The Rue Saint-Vincent is a street in the 18th arrondissement in Paris shared with Montmartre, the district considered to be the artistic center in the city of Paris. Rue Saint-Vincent is a less famous street in Paris, owing to its modesty both in terms of size and activity. The street is named after Saint Vincent-de-Paul, a saint canonized in 1737.

The biggest thing that puts Rue Saint-Vincent on the map is the vineyard, which is actually one of the biggest in Paris. For a long time, most people have associated other regions of France with wine tasting and grape harvesting, and tourists with a knack for that always travel to Bordeaux, Champagne and regions like that. But right in the district of Montmartre lays this hidden vineyard that manages an impressive 1500 plus bottles of wine annually. If anything, this goes to show that Paris can manage to marvel with its historic monuments and its fascinating architectural styles as well as provide an insight into its favorite pastime.

Vineyards didn’t always exist on the Rue Saint-Vincent, or even in the greater district of Montmartre. In fact, the flourishing vineyards were almost converted to real estate but a plea in the early 1930s managed to save them. These many decades later, the vineyards flourish, much to the pleasure of the wine lovers who appreciate the wines produced which are usually gamay and pinot noir. The best time to visit the area is during the Harvest Festival or Fete des Vendages.

Because Montmartre is all about artistry, there is a cabaret in the district, close to the monumental Sacre Coeur Basilica that sits on top of the hill. It’s so named Cabaret du Lapin Agile, or the Nimble Rabbit Cabaret. The name was derived from a painted sign in 1875 that depicted a rabbit jumping out of a saucepan. The work was frequently discussed in the region, and the name Le Lapin a Gill was conceived. As time passed by the name Cabaret du Lapin Agile came around, and stuck.

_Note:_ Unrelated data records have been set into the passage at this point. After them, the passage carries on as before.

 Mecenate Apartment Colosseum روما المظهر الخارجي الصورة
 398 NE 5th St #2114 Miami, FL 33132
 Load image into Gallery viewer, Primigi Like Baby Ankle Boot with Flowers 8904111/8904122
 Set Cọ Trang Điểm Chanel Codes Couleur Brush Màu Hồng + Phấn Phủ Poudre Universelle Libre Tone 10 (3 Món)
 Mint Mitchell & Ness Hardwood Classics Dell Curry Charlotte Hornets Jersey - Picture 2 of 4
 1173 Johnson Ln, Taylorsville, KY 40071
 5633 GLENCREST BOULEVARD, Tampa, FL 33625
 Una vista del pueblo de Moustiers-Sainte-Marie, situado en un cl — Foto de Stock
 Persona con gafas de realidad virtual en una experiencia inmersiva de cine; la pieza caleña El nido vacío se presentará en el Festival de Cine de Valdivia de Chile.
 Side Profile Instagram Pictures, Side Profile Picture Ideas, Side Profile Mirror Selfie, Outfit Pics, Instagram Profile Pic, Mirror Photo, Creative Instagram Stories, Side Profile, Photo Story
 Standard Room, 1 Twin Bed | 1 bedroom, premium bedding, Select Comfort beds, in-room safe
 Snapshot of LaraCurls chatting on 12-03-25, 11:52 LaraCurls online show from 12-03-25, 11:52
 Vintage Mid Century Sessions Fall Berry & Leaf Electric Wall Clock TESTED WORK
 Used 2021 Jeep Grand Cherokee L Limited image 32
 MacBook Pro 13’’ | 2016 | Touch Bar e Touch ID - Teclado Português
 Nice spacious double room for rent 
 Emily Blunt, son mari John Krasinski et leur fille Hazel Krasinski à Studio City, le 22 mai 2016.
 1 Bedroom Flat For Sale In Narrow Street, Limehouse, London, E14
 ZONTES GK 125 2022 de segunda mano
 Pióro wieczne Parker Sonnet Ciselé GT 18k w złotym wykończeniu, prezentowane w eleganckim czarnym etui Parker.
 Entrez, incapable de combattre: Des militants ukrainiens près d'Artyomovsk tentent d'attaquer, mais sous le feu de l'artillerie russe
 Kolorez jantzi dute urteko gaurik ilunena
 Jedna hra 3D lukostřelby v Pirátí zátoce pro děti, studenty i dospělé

The cabaret was a popular destination from all kinds of artists, from students to eccentrics who wanted to learn and express their artistic sides. It is preserved in traditional with the building reserving its 18th century charm. The interior have wooden tables and French songs dating back to the 15th century. In the Lapin Agille, one gets a chance to soak into the true Parisian culture. The approach taken by the cabaret is very informal, with performers interacting with the people around them, as opposed to staying inside the confines of the stage. The walls have everything from poems to paintings to indicate its passage through time. Pablo Picasso, one of the most celebrated painters of all time used to spend time at the Cabaret du Lapin Agile back when he was still struggling.

While the Rue Saint-Vincent does not total to an attraction on its own, passing by, say on your way to the Sacre-Coeur Basilica is encouraged. You will especially love it if wine is one of your favorite indulgences.